Sometime please and thank you gets missed, I say talk with her and ask her when the dog is away ways to improve.
As for the mat putting away I would train my dog to lay down and stay and leave other dogs alone. I think if you could do that she would not have complained. Sure the other dog was also out of order but don't let your dog also be part of the problem.

Like I said I am a member of a dog show group that has been doing shows for over 36 years and I have seen a ton of people that get there feelings hurt. I think you might be one of those people that gets there feels hurt to easy. Look I am not sure I would let her run my dog unless you trust her and her training methods but she must have some knowledge if she has 50 years of experience. It just sounds like her people skills are not perfect just don't take it personal.


----------



## Rocketagility (Apr 27, 2010)

Ok I am on a demo team and also a performer with a larger dog show group and yes I have met many people with years more experience than I. First I would say they want to make you a better dog trainer and sometimes learning from others is stressful. Look not everyone is a great people trainer and it sounds like this woman is lacking this skill, doubt she is being mean to you so I think you should just let is roll off your back. I am sure you will have some positive experiences and your dog will be better for it if you do the demos.

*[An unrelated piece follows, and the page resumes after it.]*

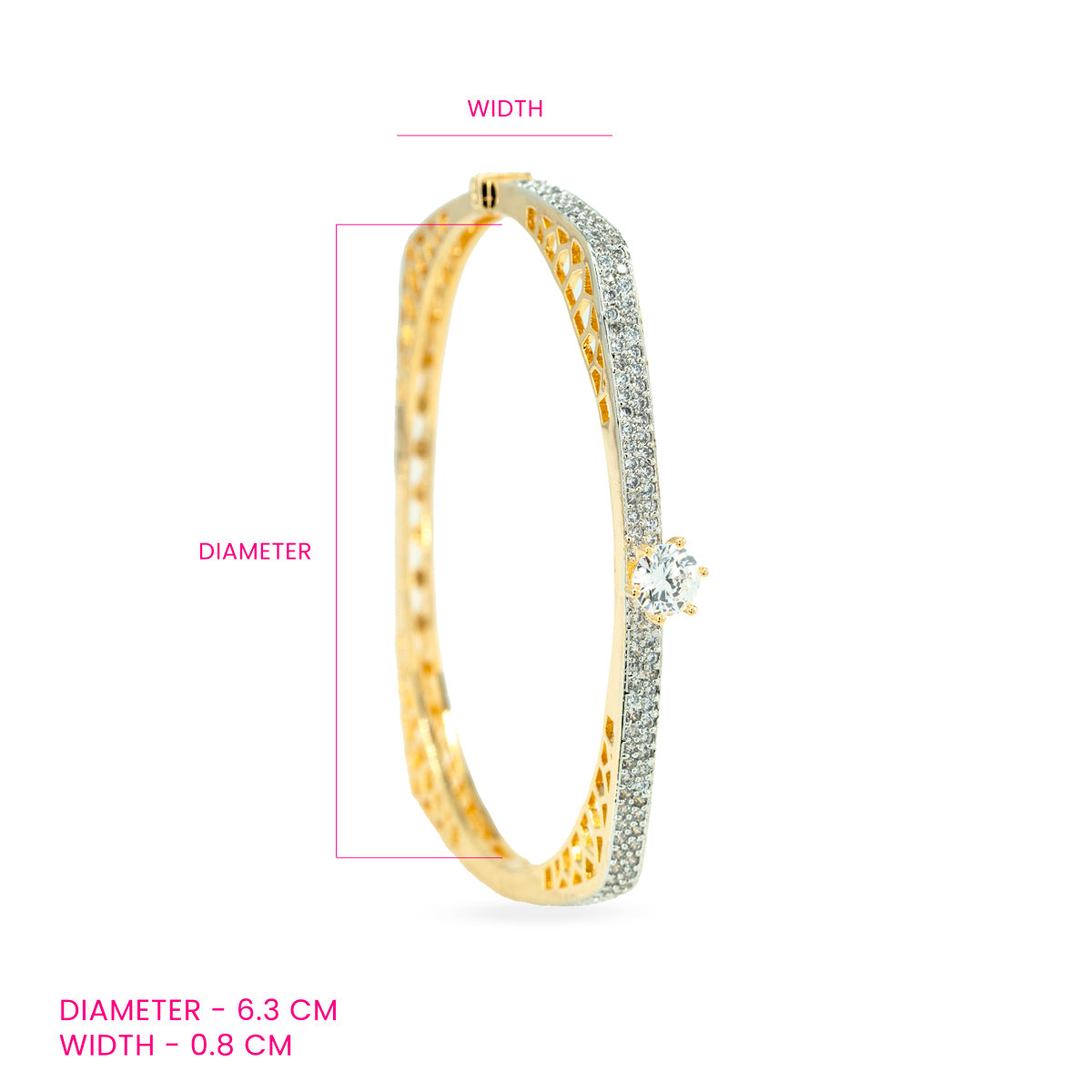 Diamond Solitaire Brass Bangle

So you had one class now go home and start training your dog so you are not still doing some of the things she is complaining about, I am sure she is finding fault with others too. Putting on a show like this sometimes requires you to be ready to do whatever is asked at a moments notice. As they say the show must go on! The more skills your dog can have the better I am sure if you are there she must see that your dog has potential.

Sometime please and thank you gets missed, I say talk with her and ask her when the dog is away ways to improve.
As for the mat putting away I would train my dog to lay down and stay and leave other dogs alone. I think if you could do that she would not have complained. Sure the other dog was also out of order but don't let your dog also be part of the problem.

Like I said I am a member of a dog show group that has been doing shows for over 36 years and I have seen a ton of people that get there feelings hurt. I think you might be one of those people that gets there feels hurt to easy. Look I am not sure I would let her run my dog unless you trust her and her training methods but she must have some knowledge if she has 50 years of experience. It just sounds like her people skills are not perfect just don't take it personal.


----------



## Purley (May 21, 2010)

We haven't had another practice yet. She asked me if I enjoyed the class and I told her I thought she was a bit bossy! I think when you have been doing things for years and years - things come to you as second nature. Honestly, when I am in a class and someone is showing me how to do something - I really do not notice that Lucy is sniffing the ground. That was one of the things she didn't like - that I let Lucy sniff in the training room. 

I am WORKING and working on getting her to calm down. It seems to be having some results. The other day we got company and all three dogs were jumping at the step over gate at the front door. I managed to get Lucy to sit - only for a little while but she did sit down and she was a lot calmer.


----------



## Rocketagility (Apr 27, 2010)

Well it sounds like you told her something and now I guess we will see if she will be a little less bossy, but if you just give up then you will never know or learn and improve.

Okay when you are in class and someone is showing you something if your dog is on leash and just expected to hang out well dogs don't work that way. They get bored and start doing there own thing sniffing etc. You need to either put your dog in it's crate kind of like what is taught in the Crate Games DVD by Susan Garrett and take the dog back out only when you are prepared or teach your dog a down and a stay so the dog is still working and waiting for you so I agree with this lady if your dog was loosing focus with you and sniffing you need to address this problem. Another way would be tugging with your dog. you can play tug and not have to actually look at your dog but if he is tugging he is not getting in trouble sniffing.

So when you say you are working on calming down your dog I say why instead teach your dog what you want and follow through with it. Look you need to plan to have someone come over and train your dog and mean it. First explain to your fake guest what it is you want them to do and make it into a training session. The guest knocks and you control your dogs. You invite the guest in and when you say you release the dogs. Look it sounds like your dogs might need some work on self control heck just about every dog needs work on selfcontrol. I just think this lady that you say is so bossy is just trying to make you a better dog trainer.


----------